_Exercise prompt_
Every line from the one with "El Marques Caracas" through the final line of the entries below should be returned exactly; leave out all other lines.

_Extracted data_
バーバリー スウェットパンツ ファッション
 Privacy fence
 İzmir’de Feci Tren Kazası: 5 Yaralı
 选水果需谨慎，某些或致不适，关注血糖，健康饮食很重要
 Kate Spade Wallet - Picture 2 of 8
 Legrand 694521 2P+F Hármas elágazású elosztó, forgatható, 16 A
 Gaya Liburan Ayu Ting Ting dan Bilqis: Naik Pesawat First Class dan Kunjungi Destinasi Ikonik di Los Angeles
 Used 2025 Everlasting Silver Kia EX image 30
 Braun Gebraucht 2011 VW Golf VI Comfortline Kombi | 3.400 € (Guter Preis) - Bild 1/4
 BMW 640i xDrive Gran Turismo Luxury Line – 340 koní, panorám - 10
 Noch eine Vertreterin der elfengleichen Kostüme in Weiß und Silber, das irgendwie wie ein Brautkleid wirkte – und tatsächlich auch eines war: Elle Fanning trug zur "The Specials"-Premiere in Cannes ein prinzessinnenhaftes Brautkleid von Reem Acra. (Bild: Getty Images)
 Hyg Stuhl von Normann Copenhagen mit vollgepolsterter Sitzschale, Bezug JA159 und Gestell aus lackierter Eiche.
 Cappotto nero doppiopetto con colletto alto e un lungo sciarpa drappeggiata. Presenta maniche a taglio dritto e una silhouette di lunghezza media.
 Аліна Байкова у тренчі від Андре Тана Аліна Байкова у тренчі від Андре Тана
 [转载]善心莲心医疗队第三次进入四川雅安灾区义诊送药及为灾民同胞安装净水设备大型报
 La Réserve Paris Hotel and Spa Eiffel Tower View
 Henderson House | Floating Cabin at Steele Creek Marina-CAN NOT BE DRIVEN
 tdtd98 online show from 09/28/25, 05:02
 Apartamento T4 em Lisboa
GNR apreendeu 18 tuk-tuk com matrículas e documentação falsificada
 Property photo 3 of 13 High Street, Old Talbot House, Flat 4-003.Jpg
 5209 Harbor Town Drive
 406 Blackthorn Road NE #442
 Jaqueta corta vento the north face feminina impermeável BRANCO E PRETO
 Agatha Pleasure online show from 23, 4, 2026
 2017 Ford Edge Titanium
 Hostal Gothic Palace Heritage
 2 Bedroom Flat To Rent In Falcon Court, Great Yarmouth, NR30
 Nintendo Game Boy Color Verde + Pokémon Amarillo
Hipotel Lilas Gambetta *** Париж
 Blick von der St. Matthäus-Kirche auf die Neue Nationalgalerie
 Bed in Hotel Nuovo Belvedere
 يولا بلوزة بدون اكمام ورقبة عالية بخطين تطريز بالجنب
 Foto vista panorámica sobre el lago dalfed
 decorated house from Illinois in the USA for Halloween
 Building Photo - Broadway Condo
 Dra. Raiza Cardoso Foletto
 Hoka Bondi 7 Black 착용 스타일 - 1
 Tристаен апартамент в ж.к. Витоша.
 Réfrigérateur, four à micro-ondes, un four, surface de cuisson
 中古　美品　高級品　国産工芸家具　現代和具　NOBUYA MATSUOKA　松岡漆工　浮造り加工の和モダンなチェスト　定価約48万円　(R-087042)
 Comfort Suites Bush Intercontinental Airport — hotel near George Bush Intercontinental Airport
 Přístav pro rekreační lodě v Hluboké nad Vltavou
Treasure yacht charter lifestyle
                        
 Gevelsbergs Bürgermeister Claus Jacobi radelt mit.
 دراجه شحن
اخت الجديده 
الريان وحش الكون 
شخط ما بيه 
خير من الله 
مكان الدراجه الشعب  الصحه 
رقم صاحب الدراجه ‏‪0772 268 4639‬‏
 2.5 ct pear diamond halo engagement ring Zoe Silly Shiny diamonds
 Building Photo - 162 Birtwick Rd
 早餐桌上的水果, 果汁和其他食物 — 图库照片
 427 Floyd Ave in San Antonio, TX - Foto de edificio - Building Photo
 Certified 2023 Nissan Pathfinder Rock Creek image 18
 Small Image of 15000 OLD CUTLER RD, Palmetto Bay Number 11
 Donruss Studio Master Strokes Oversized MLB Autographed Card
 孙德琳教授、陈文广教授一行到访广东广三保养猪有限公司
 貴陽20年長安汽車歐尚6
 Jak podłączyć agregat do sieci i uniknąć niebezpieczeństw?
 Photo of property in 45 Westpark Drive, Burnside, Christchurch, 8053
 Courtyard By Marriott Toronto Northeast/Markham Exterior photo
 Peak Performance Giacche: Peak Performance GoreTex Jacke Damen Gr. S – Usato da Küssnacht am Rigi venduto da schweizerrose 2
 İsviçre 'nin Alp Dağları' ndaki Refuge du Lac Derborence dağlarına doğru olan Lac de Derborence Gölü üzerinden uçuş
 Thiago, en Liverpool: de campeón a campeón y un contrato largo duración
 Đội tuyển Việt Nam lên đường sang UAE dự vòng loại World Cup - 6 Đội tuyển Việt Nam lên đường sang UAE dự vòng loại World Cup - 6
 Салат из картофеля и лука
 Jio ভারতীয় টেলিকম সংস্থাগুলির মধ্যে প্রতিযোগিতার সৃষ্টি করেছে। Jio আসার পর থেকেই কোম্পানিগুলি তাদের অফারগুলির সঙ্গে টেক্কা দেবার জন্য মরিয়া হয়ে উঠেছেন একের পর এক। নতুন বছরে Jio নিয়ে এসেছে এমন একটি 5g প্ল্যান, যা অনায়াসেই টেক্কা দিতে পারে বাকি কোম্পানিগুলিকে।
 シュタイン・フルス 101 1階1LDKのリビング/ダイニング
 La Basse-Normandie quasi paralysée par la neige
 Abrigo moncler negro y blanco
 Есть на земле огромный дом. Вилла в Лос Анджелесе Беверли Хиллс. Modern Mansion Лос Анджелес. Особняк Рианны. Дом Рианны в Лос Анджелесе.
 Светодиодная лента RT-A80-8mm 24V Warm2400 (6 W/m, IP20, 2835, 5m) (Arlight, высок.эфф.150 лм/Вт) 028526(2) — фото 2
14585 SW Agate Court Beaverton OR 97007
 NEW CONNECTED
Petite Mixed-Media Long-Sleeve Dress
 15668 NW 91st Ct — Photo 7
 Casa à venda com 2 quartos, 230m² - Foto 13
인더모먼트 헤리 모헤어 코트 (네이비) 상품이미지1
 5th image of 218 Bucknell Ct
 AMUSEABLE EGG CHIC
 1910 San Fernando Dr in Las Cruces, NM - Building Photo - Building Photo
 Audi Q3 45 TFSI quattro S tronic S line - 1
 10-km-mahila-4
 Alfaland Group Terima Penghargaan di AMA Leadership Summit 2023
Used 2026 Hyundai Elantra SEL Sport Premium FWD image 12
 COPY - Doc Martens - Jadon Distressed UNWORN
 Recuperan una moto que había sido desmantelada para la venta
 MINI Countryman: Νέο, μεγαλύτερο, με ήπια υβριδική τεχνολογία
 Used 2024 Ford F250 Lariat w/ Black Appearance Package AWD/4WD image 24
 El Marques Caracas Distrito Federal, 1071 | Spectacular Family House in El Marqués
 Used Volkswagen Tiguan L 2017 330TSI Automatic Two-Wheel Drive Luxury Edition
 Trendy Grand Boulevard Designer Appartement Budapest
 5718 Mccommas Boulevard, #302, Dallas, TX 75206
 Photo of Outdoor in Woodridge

_Exercise response_
 El Marques Caracas Distrito Federal, 1071 | Spectacular Family House in El Marqués
 Used Volkswagen Tiguan L 2017 330TSI Automatic Two-Wheel Drive Luxury Edition
 Trendy Grand Boulevard Designer Appartement Budapest
 5718 Mccommas Boulevard, #302, Dallas, TX 75206
 Photo of Outdoor in Woodridge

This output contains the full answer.